Chambers’ answer completely summed up the allure of Communism to those that “have it all” and feel guilty about it. This guilt is persistent in a society that is predominantly Christian, as guilt is a significant component of its religious dogma. While those that turn to Communism may not be religious in a Christian sense, the tenets of Christianity are nevertheless ingrained into society and therefore exert considerable influence. While those searching for answers or a better way to solve societies ills might be turned off by the dogmas of Christianity, they are therefore susceptible to the allure of Communism and take to heart the tenets of political philosophy much in the same way a newly converted Christian does; receiving instruction by those that had already found what they themselves had been searching for.

Religious and Political Conversion

There is a conundrum inherent in Communism and its perceived anti-religious doctrines. That is that Communism denies the human tendency toward religious belief, countering Marx on the fundamental argument that religion is the opiate of the masses. Communists have interpreted this comment to mean that religion should be abolished, thereby perverting Marx’s position that religion should be co-opted and made to serve the Party and provide an outlet for the people to explore their spiritual lives. Its firm denial of the importance of religion in the lives of most people left a large gap in Communist dogma, the gap that religion has always filled. Religion seeks to explain the unknown and wondrous, labeling everything unknown or not understood as God, thus serving as a balm to quiet the souls of those that have no means to seek that which they do not understand, or in the case of evolution, those things that they refuse to accept because it would somehow diminish the superiority of mankind and its place at the pinnacle of the natural order.
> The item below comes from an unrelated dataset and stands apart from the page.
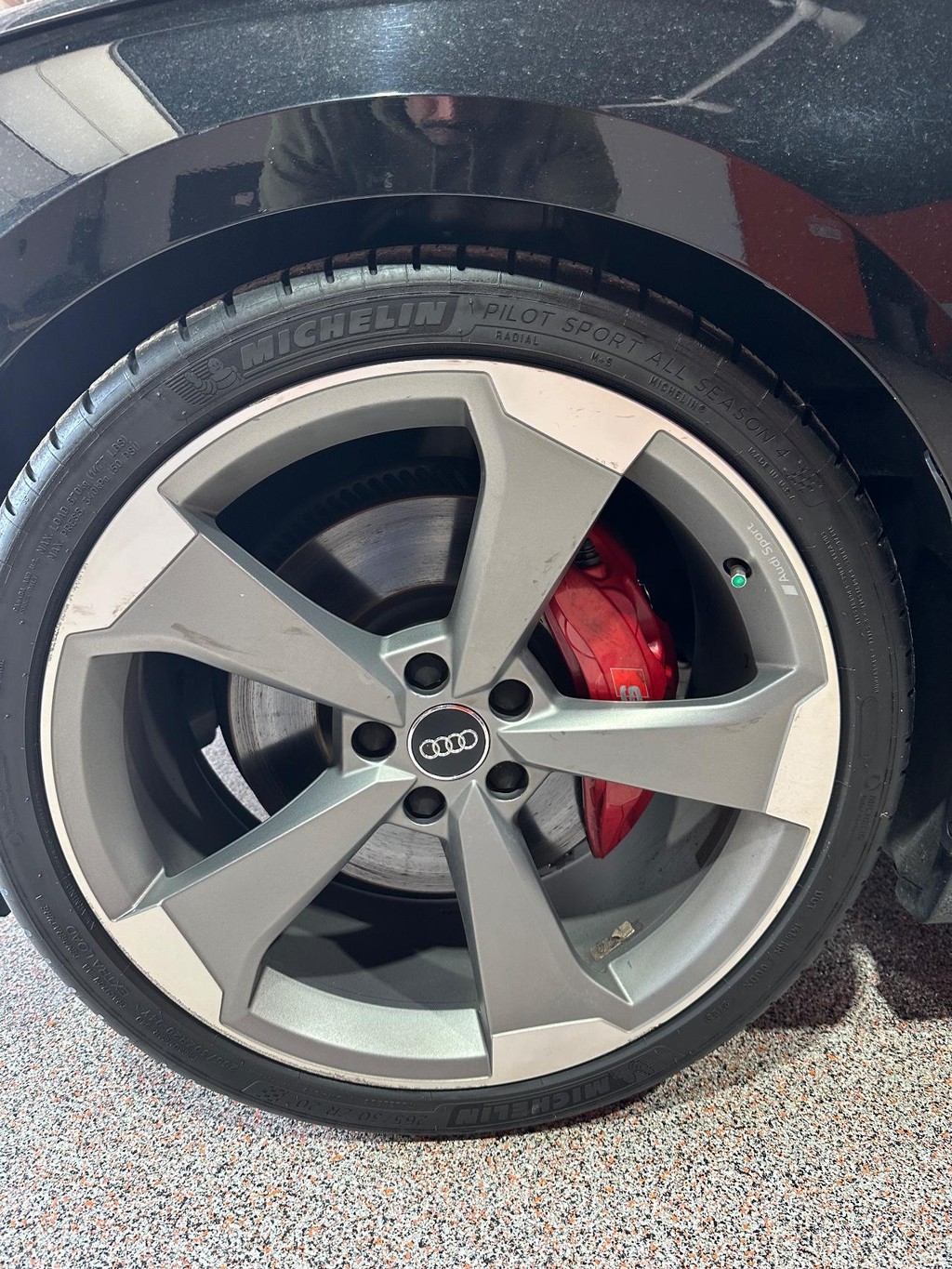 Audi S5 Sportback Vehicle Full-screen Gallery Image 09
Therefore, those Communists that had religious epiphanies were in effect forced to abandon its political principals also. Chambers related that his break with Communism followed this path, writing that

I date my break from a very casual happening… my daughter was in her high chair. I was watching her eat. She was the most miraculous thing that had ever happened in my life… My eye came to rest on the delicate convolutions of her ear—those intricate, perfect ears. The thought passed through my mind: ‘No, those ears were not created by any chance coming together of atoms in nature (the Communist view). They could have been created only by immense design’. The thought was involuntary and unwanted.[26]
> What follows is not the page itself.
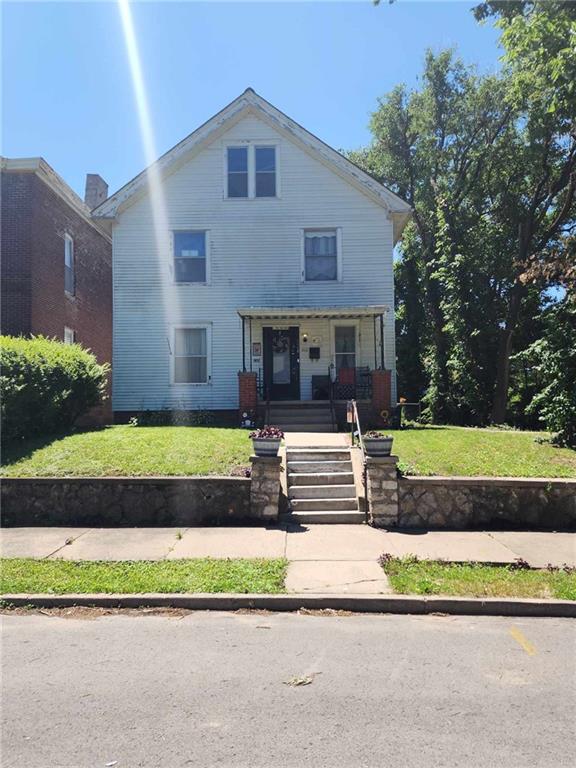 view of front of property featuring a porch and a front lawn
This revelation was the first in what would become a crisis of faith for Chambers, and precipitated his further break from Communism which disavowed religious ideas such as his.

At the core, many ex-Communists broke from the Party because they wanted to be free to explore with of the wonderment that religious faith imparts to their adherents. The lack freedom to pursue ideas that conflict with Party doctrine are, to Chambers, completely reprehensive and led him to the conclusion that “freedom is a need of the soul, and nothing else. It is a striving toward God that the soul strives continually after freedom. God alone is the inciter and guarantor of freedom.”[27] Chambers further expounded on this theme with rhetoric claiming that freedom is a gift from God, concluding that “every sincere break with Communism is a religious experience, though the Communist fail to identify its true nature, though he fails to go to the end of the experience.”[28] That Chambers equated religious conversion to political conversion is telling, as it provides valuable insight into his nature and character. For Chambers had the nature of a zealot; he threw himself into whatever caught his soul and pursued it with a Herculean tenacity. Like Saull, who hunted Christians with bloodthirsty savagery born from his orthodox beliefs and applied that same single-minded adherence to orthodoxy after his conversion on the road to Damascus, Chambers became a vehement anti-Communist once he underwent his religious awakening.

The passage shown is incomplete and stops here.